Not sure if this is intentional or not, but it seems that asdi diagonal down does not allow you to floorhug vs moves that sends straight down. This complicates the input needed to amsah tech roll these moves (in the percent ranges where a spike knocks you down but doesn’t pop you up).
Rather than just doing diagonal down to hit an amsah tech roll, you must DI down/away with the left stick and hold straight down with the right stick.
Afaik, vs every non spike move asdi diagonal down allows you to both do a successful floorhug and also force a knockdown/amsah tech. So this quirk of spikes (ones that send straight down at least) hurts the parity of the amsah tech input and probably needs looking at.

Can you show it..

that sounds like a weird bug, but also like a chance to make FH less opressive: in order to successfully FH a move they should explicitly make you press the right diagonal direction. This would also make cross ups much more scary since they move you in the opposite direction. This would introduce a nice guessing game for the person trying to FH without any strict timing or mashing like we had before with the timed FH while at the same time FH would not always be free.

If it is a bug I’d like it to just be fixed/normalised

This is not a bug, it is merely a side effect of how floorhug techs work. In order to floorhug a move, you have to ASDI enough into the ground that your absolute position is still inside the ground after 1 frame of knockback is applied. If the knockback is greater than the tumble threshold, you will go into knockdown. ASDI has a strength of 30cm, and the tumble threshold is 26cm/f. If a move launches you directly vertical and you ASDI straight down, there is only a 4cm/f knockback range where you can floorhug tech the attack.
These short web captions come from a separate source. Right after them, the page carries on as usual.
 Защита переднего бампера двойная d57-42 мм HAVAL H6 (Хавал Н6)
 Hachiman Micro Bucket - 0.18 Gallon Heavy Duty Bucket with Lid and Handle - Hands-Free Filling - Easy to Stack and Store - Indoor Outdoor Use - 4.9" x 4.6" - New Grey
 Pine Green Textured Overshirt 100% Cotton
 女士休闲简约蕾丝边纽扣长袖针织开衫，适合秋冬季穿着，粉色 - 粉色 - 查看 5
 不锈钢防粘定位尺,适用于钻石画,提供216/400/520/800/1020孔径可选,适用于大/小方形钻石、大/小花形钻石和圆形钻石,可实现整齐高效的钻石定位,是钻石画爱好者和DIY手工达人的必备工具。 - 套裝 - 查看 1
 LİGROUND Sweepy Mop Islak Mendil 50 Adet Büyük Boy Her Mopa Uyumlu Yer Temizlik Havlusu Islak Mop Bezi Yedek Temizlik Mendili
Lower knockback and you simply floorhug it, higher knockback and you get launched into the air.
For diagonal ASDI, you are splitting the strength of your 30cm ASDI into two vectors, reducing the vertical vector from 30cm to ~21.213cm while increasing the horizontal vector from 0cm to ~21.213cm. This means your vertical ASDI vector is lower than the tumble threshold; for a vertical spike, if the knockback is low enough that 21.2cm is enough to stay grounded, it will be too little knockback to go into tumble, and thus you will simply floorhug it (which puts you into the Flinch state because it is a spike). If the knockback is above the tumble threshold, meaning you can floorhug tech it, then the knockback is necessarily higher than 21.2cm/f, and thus you will be launched too high to remain grounded if you only do diagonal ASDI.
As far as I am aware, this should be true for all moves that send directly vertical, whether up or down (note: spikes have a lower tumble threshold, so actually there’s a bigger window for floorhug techs on spikes, but I think it’s still not possible with a fully diagonal DI, or maybe only possible at a very tiny percent window). If you want a floorhug tech roll on a move that sends vertically, up or down, you will need to do double stick DI. Moves with shallower angles are easier to floorhug tech because their knockback is also split between horizontal and vertical, and your vertical ASDI only needs to be strong enough to counteract the vertical vector of the knockback.
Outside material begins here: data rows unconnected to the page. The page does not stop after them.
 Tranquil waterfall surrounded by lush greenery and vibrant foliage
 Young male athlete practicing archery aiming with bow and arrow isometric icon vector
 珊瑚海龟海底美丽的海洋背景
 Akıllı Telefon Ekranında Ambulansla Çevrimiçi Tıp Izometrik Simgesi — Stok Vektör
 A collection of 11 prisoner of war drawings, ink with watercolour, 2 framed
Thank you for the detailed response. I vaguely suspacted some of this, but I am glad to hear it confirmed in detail, and that it’s not a bug or an unknown quirk, etc, of the mechanic.


@Menace13
Thanks for the detailed response. But an honest question: Don’t you see how needlessly complicated all this is? There is a very simple and important rule in game design: the more exceptions and additions your rules have, the worse they are. And FH is just a giant collections of exceptions, additions and tons of mayhaps. it goes so much against everything rivals 1 original did stand for.
I understand that you are hell bent on keeping the mechanic, but can it at least be reworked to something that can be explained to its full extend in a few sentences?

@TemptingActor769 Here’s your explanation in a few sentences:
There’s no exception here, and my explanation was only as long as it was to fully explain how those simple rules combine to result in the witnessed phenomenon.
And for what it’s worth, RoA1 had just as many niche mechanics and exceptions as RoA2 does now, just not as prominently on display. For example, RoA1’s crouch cancel works against these categories of moves:
I would argue that is more complicated to explain than RoA2 floorhugging.